* **Required work**
Down to the last line, reproduce the data that follows, but skip the pictures.

* **Provided data**

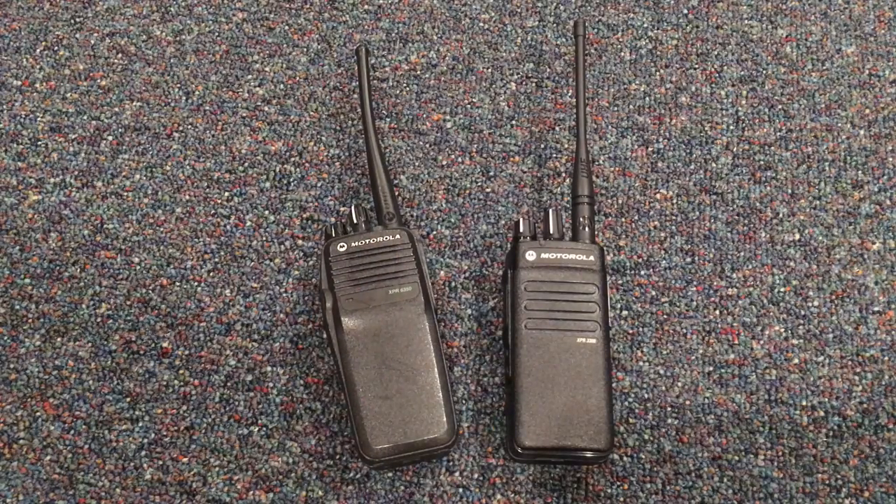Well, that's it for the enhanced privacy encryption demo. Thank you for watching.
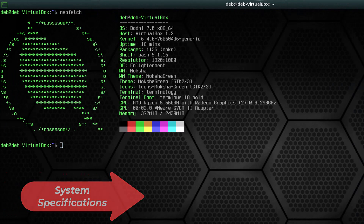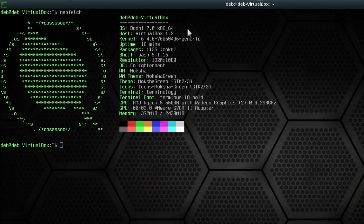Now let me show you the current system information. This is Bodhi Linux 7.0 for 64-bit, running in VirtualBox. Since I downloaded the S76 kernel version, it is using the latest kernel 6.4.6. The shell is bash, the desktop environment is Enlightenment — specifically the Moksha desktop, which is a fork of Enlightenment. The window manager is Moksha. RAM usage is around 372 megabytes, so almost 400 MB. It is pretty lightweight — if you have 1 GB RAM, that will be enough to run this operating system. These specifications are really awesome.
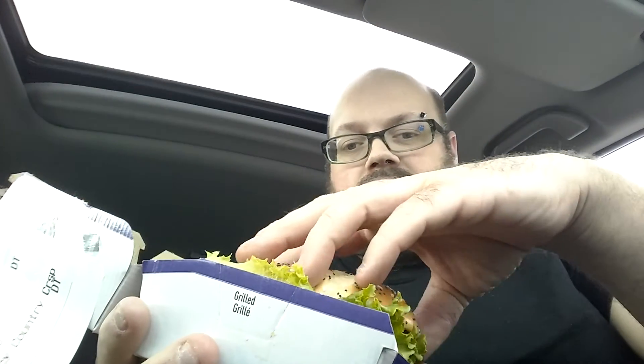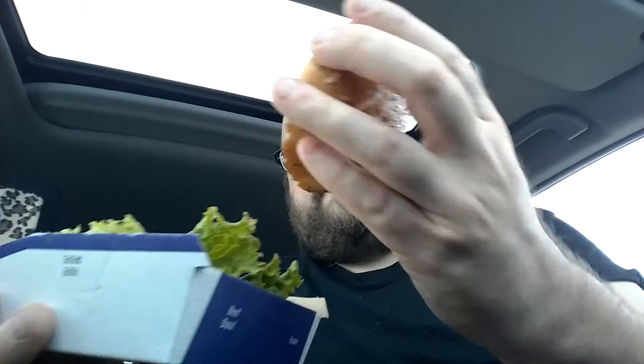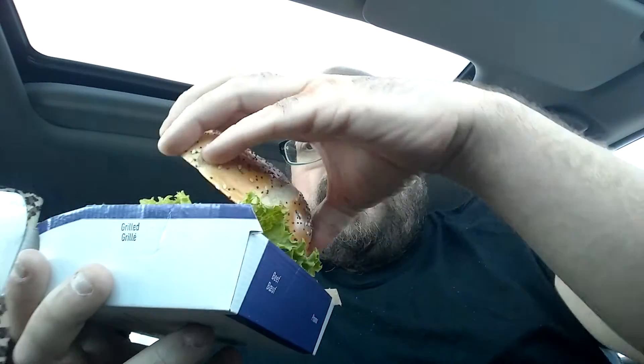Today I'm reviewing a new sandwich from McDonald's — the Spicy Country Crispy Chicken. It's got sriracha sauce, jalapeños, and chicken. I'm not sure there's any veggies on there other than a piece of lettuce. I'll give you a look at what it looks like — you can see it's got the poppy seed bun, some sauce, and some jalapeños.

* **Solution to this exercise**
Well, that's it for the enhanced privacy encryption demo. Thank you for watching.
Now let me show you the current system information. This is Bodhi Linux 7.0 for 64-bit, running in VirtualBox. Since I downloaded the S76 kernel version, it is using the latest kernel 6.4.6. The shell is bash, the desktop environment is Enlightenment — specifically the Moksha desktop, which is a fork of Enlightenment. The window manager is Moksha. RAM usage is around 372 megabytes, so almost 400 MB. It is pretty lightweight — if you have 1 GB RAM, that will be enough to run this operating system. These specifications are really awesome.
Today I'm reviewing a new sandwich from McDonald's — the Spicy Country Crispy Chicken. It's got sriracha sauce, jalapeños, and chicken. I'm not sure there's any veggies on there other than a piece of lettuce. I'll give you a look at what it looks like — you can see it's got the poppy seed bun, some sauce, and some jalapeños.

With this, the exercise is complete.